WORK INSTRUCTION: All lines in the records below from the line with "Descentrar leva teatro" through the line with "土豆炖牛腩的做法步骤：2" are to be given again exactly, both ends included; the pictures are to be left out.

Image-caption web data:
----
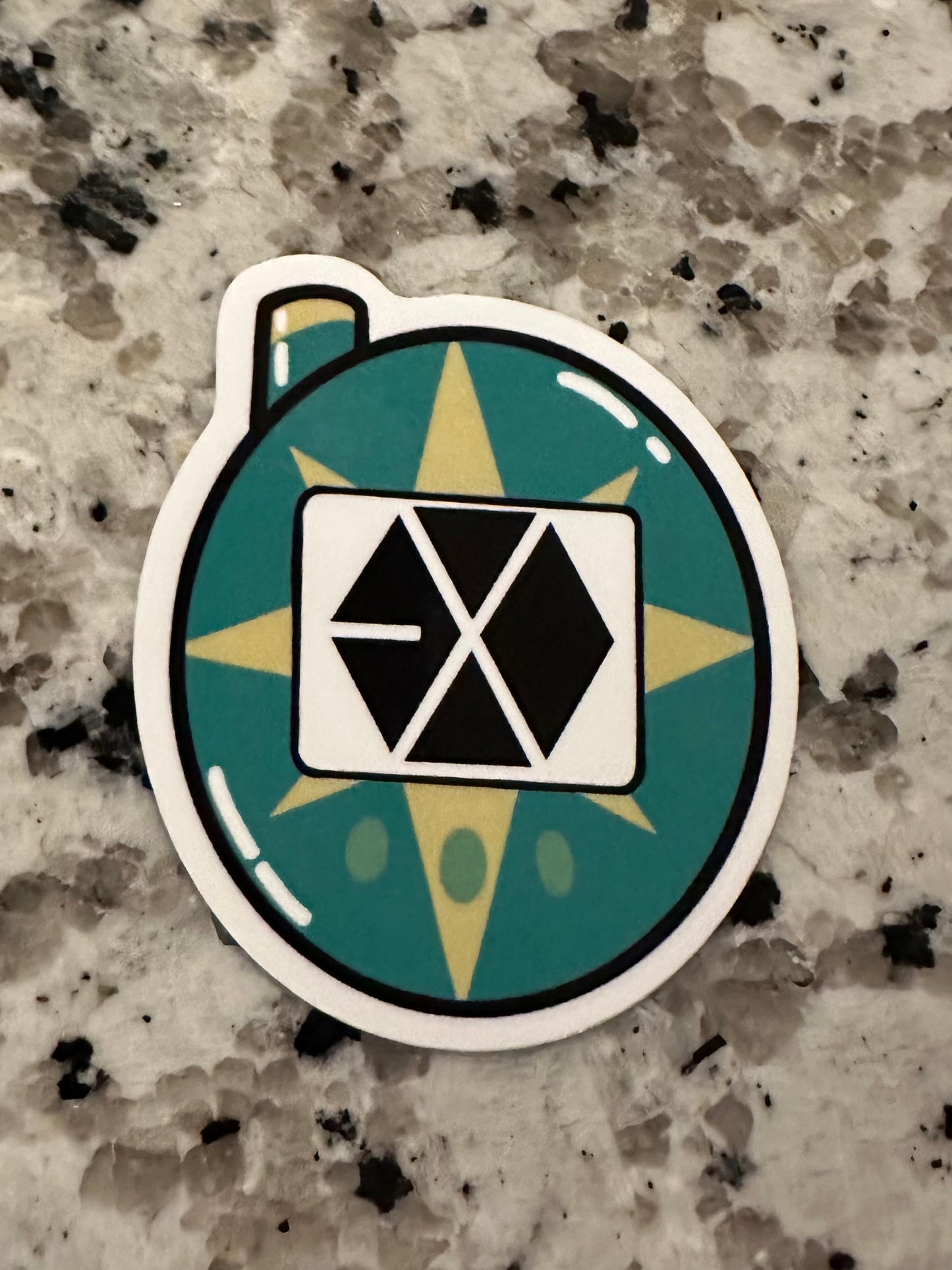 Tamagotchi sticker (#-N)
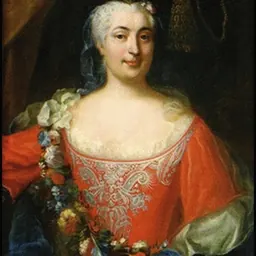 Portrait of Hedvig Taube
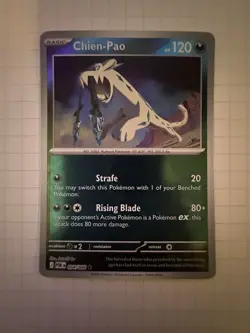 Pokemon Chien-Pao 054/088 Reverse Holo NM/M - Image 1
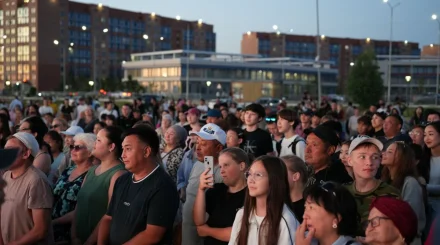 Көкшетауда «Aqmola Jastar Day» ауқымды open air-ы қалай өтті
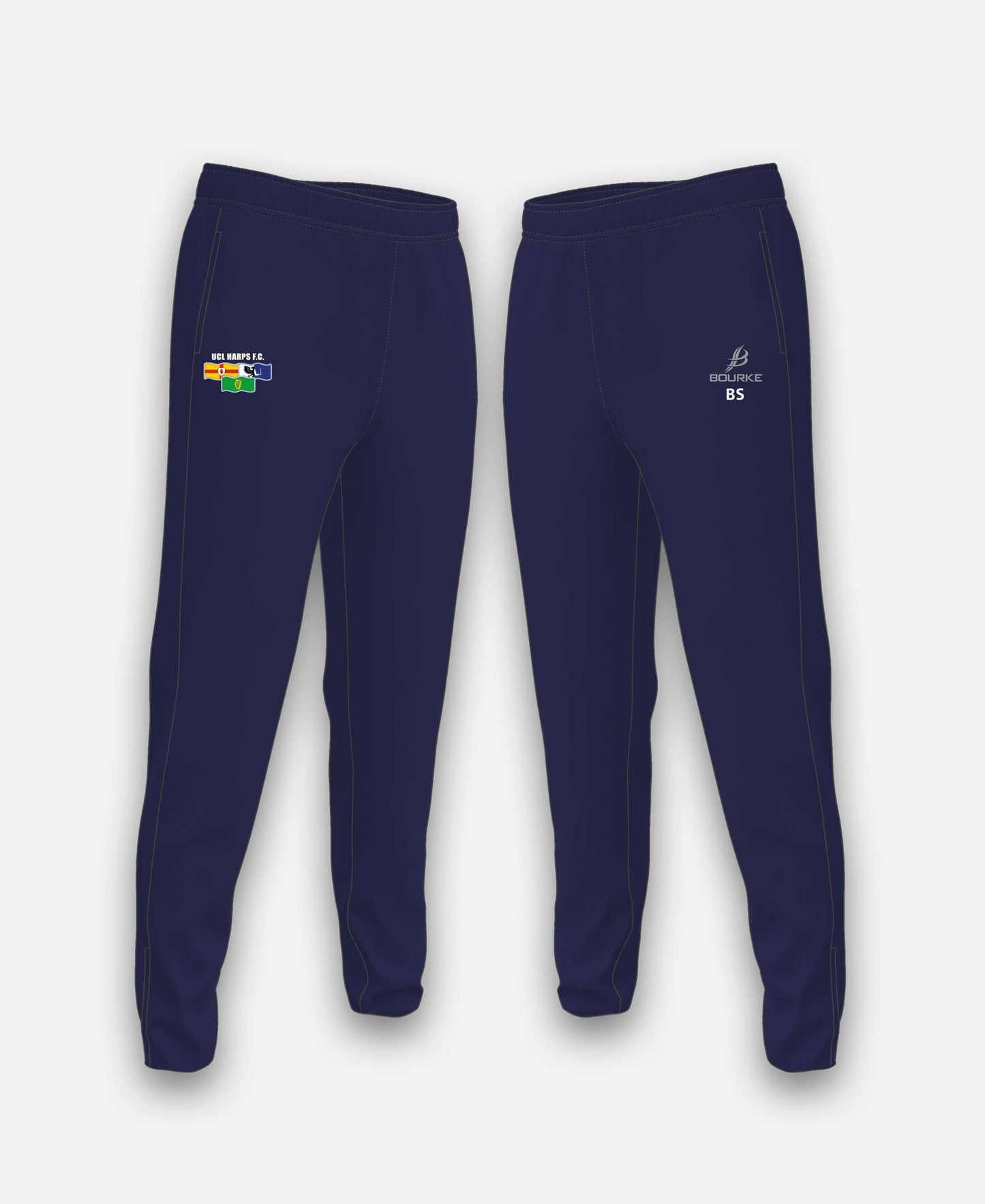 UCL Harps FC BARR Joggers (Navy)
----
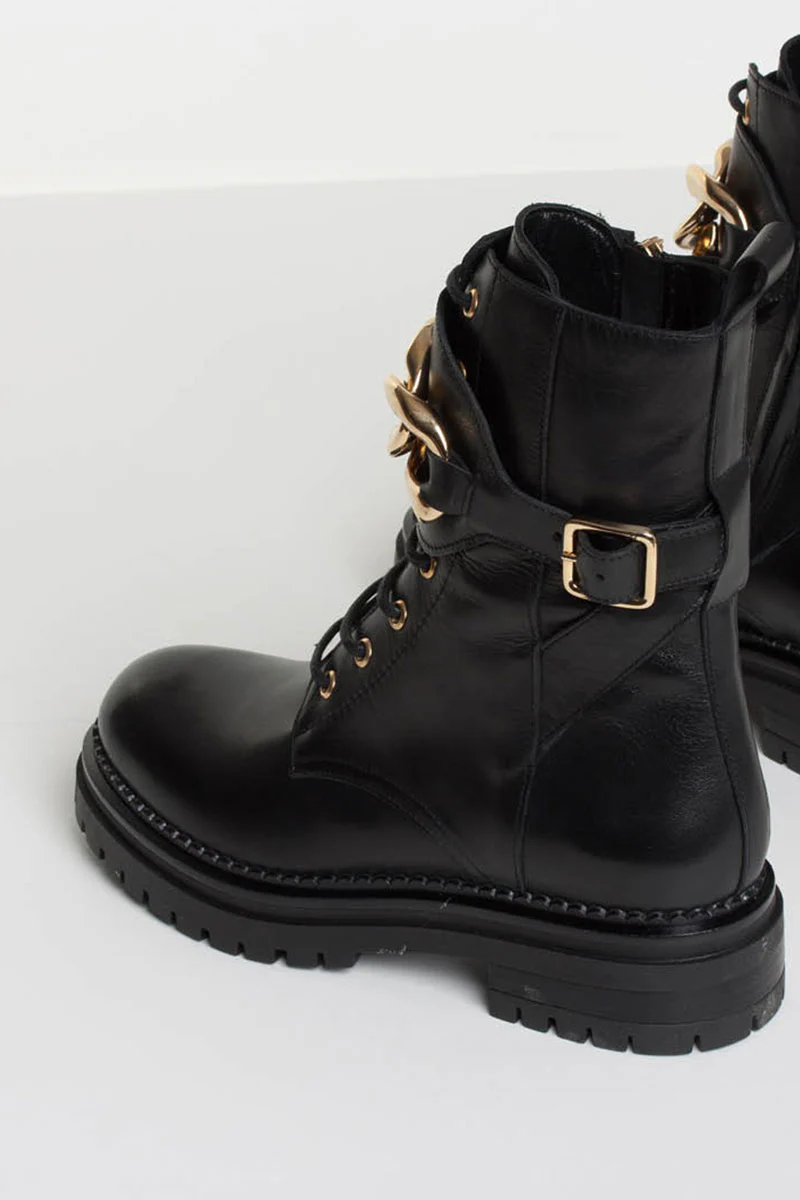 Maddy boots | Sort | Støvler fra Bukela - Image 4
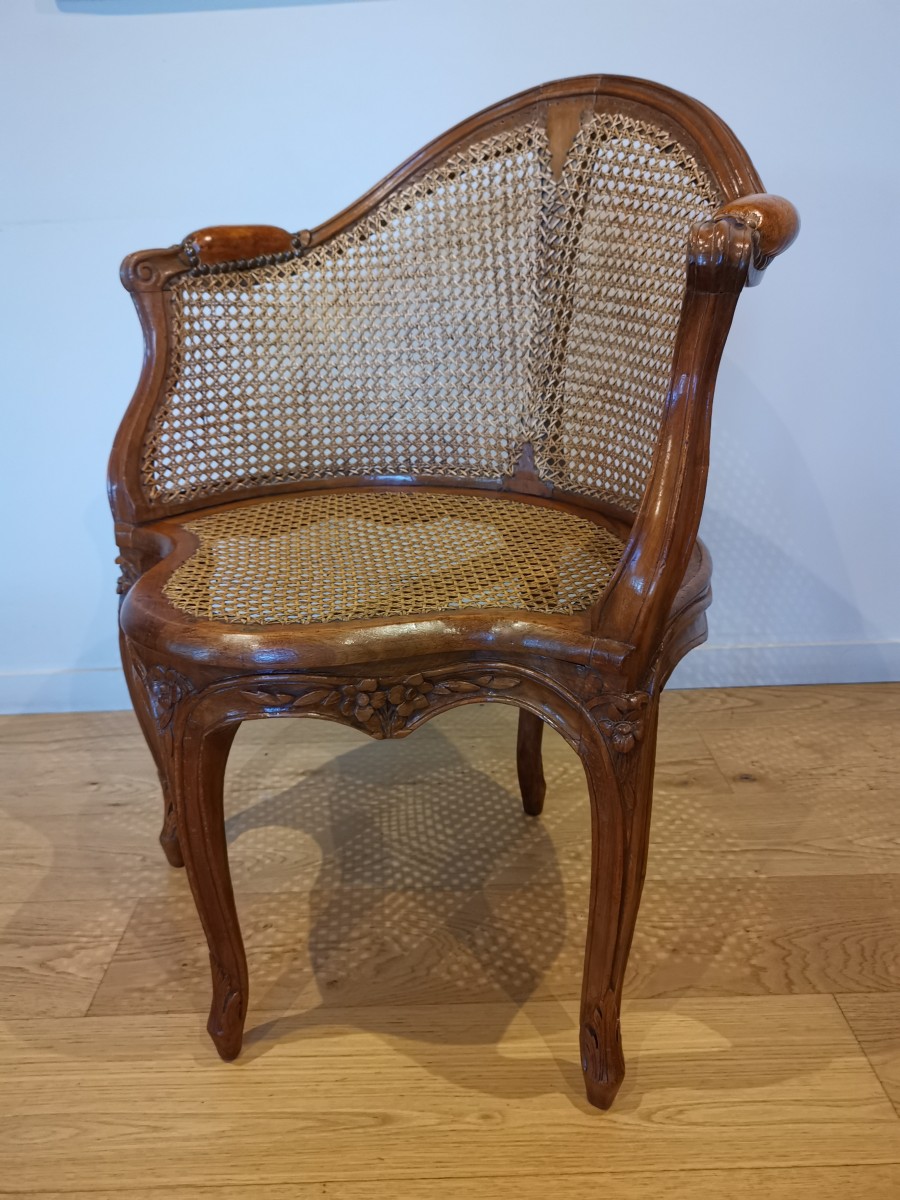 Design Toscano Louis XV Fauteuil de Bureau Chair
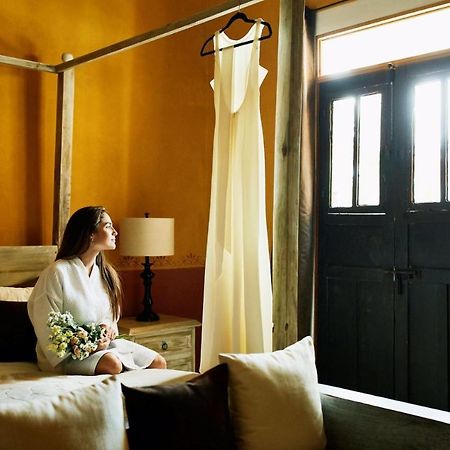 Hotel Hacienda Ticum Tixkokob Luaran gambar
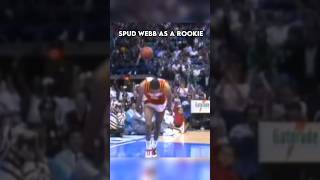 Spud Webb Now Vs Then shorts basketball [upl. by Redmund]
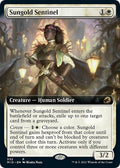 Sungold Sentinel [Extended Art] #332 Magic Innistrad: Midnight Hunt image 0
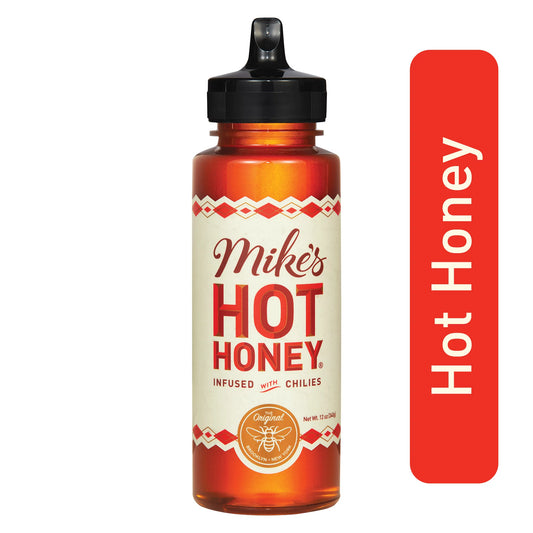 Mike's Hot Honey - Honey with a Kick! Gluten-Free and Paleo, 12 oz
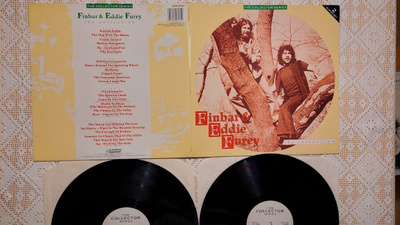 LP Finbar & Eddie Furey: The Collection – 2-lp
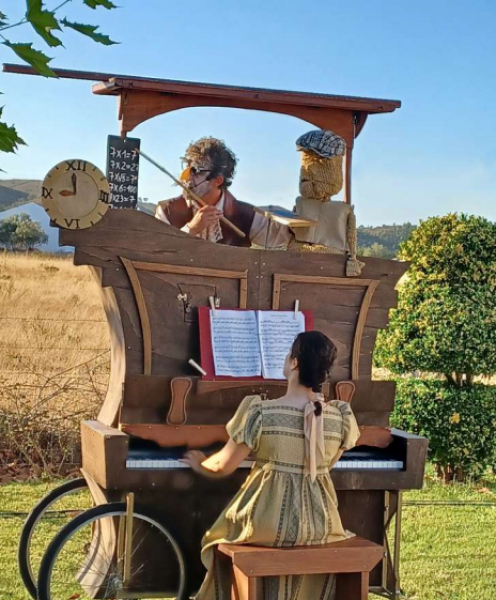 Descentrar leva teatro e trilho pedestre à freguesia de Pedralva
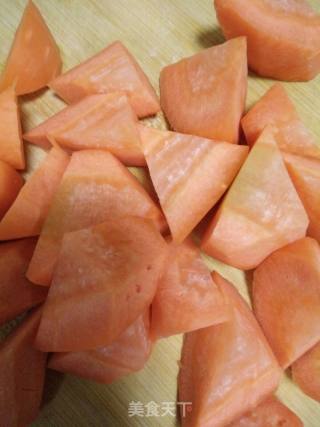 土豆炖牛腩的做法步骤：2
----
OUTPUT FOR THIS EXERCISE:
 Descentrar leva teatro e trilho pedestre à freguesia de Pedralva
 土豆炖牛腩的做法步骤：2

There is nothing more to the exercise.